Source: https://biotech.law.lsu.edu/cases/FCA/Carpenter_v_US.htm
Timestamp: 2019-04-21 06:19:10+00:00

Document:
Don D. Buchwald argued the cause for petitioners. With him on the briefs were Jed S. Rakoff, Howard W. Goldstein, James Niss, E. Michael Bradley, I. Scott Bieler, and Alan R. Kaufman.
 White, J., delivered the opinion for a unanimous Court as to holding number 2, above.

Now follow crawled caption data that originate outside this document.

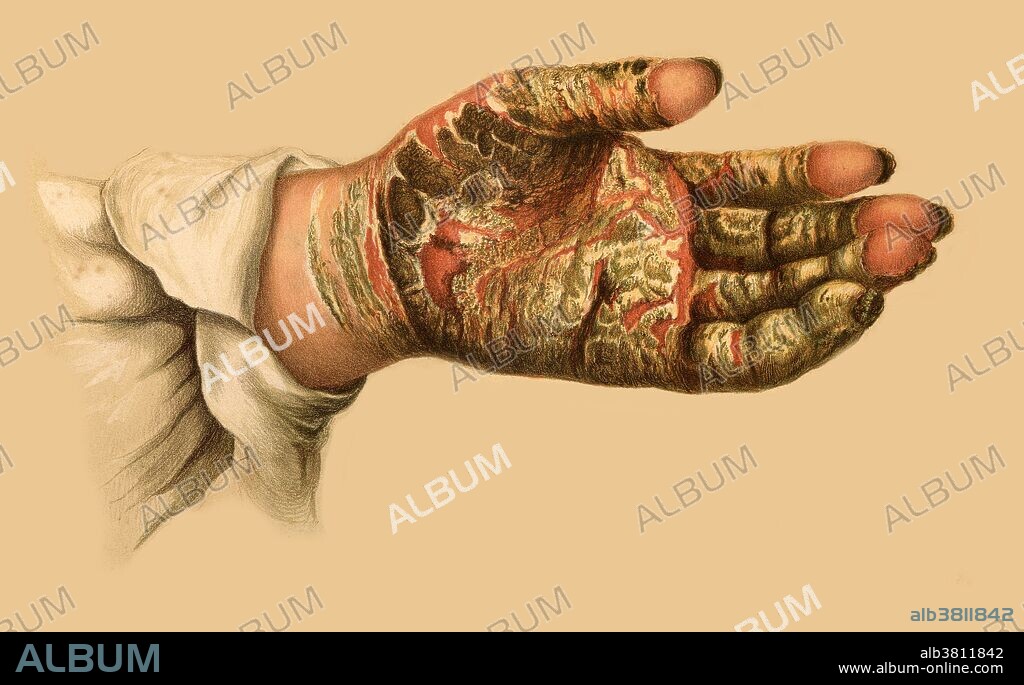 This image shows a hand infected with Scabies Norvegica (Crustosa). Scabies is a contagious skin infection caused by the mite Sarcoptes scabiei burrowing into the skin and laying its eggs. Often this causes itching and the urge to scratch leads to broken and then infected skin. Scabies Norvegica is a highly contagious form of the infection often affecting the immunosuppressed such as those with HIV and AIDS. When infection occurs this can cause inflammation and swelling or edema. Chromolithograph, 1878-1888. Illustration by E. Burgess after R. W. Sherwin, Mabel Green and Jonathan Hutchinson.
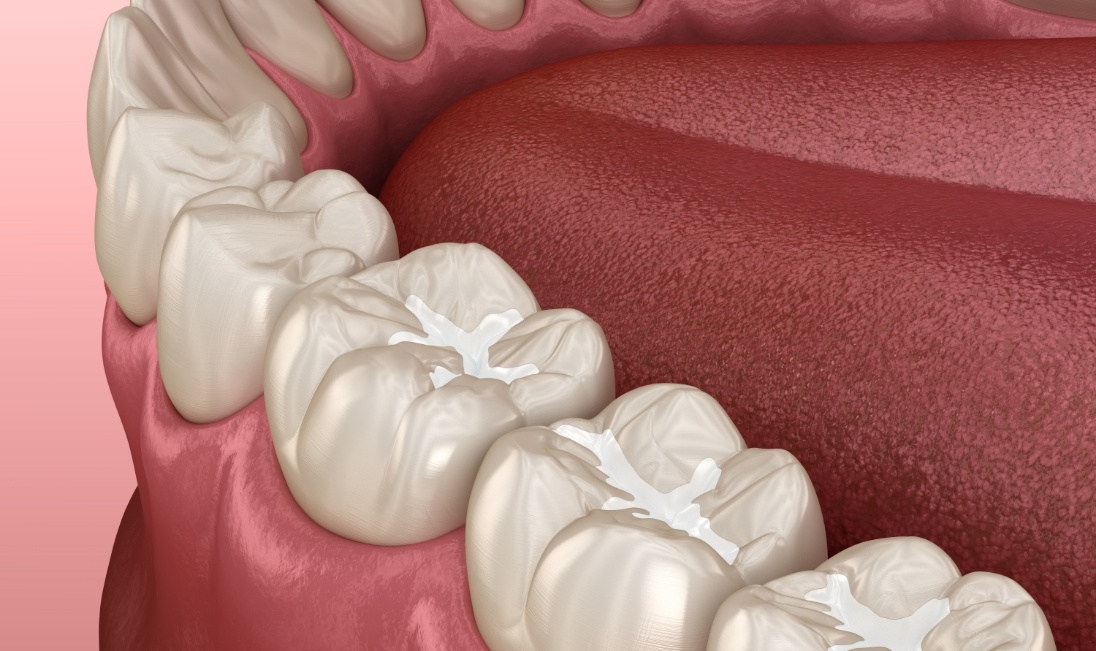 Animated row of teeth with tooth colored fillings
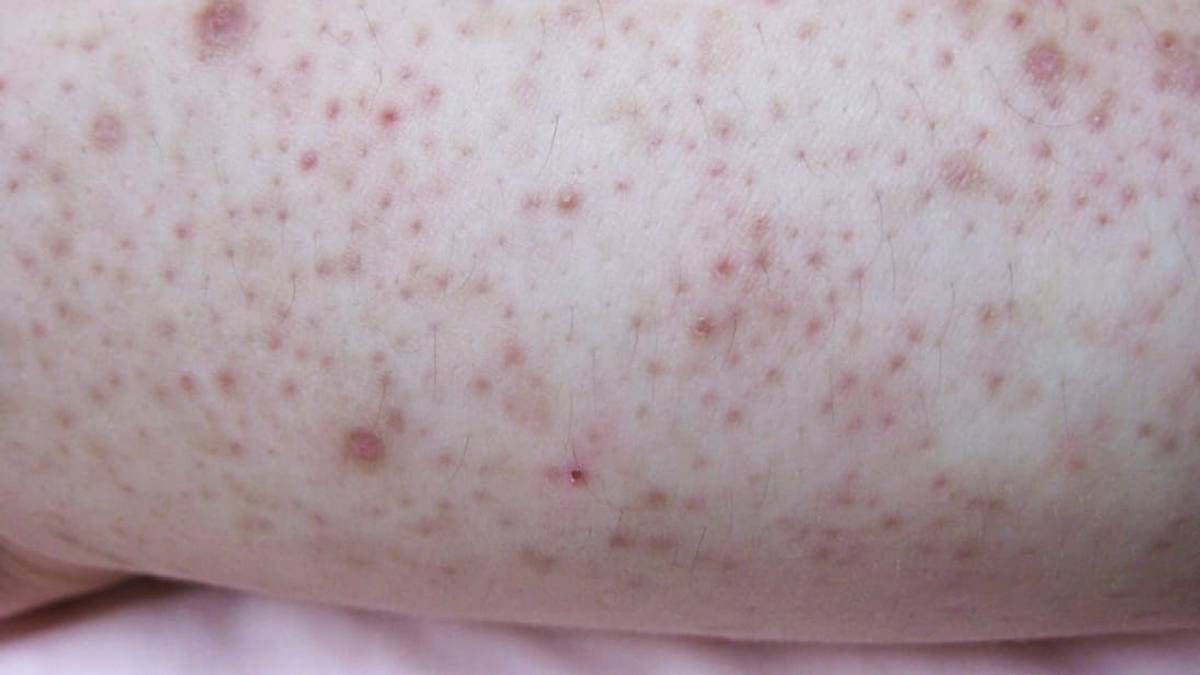 melanotan keratosis pilaris 10 Facts About From Dr. Pimple Popper Weigh Management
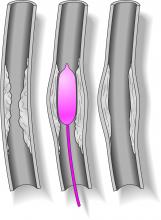 Cerebral Angioplasty Stents Radiology Stroke treatment devices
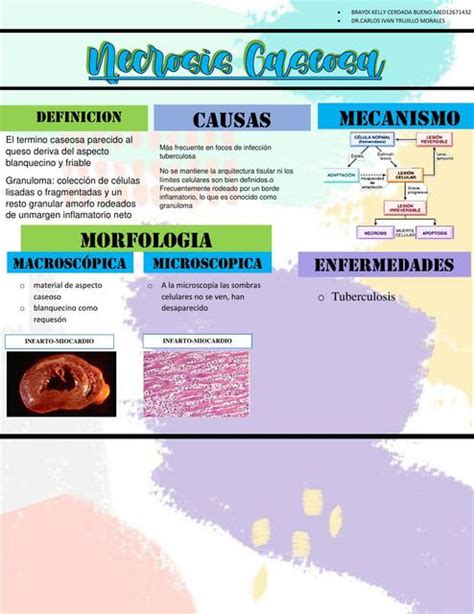 Necrosis Caseosa Braydi Cerda Bueno Udocz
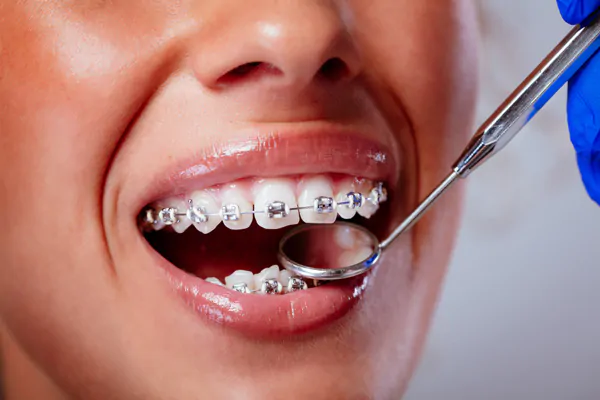 close-up-dentist-checking-braces-with-dental-mirror-female-patient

 Petitioner Winans was co-author of a Wall Street Journal investment advice column which, because of its perceived quality and integrity, had an impact on the market prices of the stocks it discussed. Although he was familiar with the Journal's rule that the column's contents were the Journal's confidential information prior to publication, Winans entered into a scheme with petitioner Felis and another stockbroker who, in exchange for advance information from Winans as to the timing and contents of the column, bought and sold stocks based on the column's probable impact on the market and shared their profits with Winans. On the basis of this scheme, Winans and Felis were convicted of violations of the federal securities laws and of the federal mail and wire fraud statutes, 18 U. S. C. §§ 1341, 1343, which prohibit the use of the mails or of electronic transmissions to execute "any scheme or artifice to defraud, or for obtaining money or property by means of false or fraudulent pretenses, representations, or promises"; petitioner Carpenter was convicted of aiding and abetting. The Court of Appeals affirmed.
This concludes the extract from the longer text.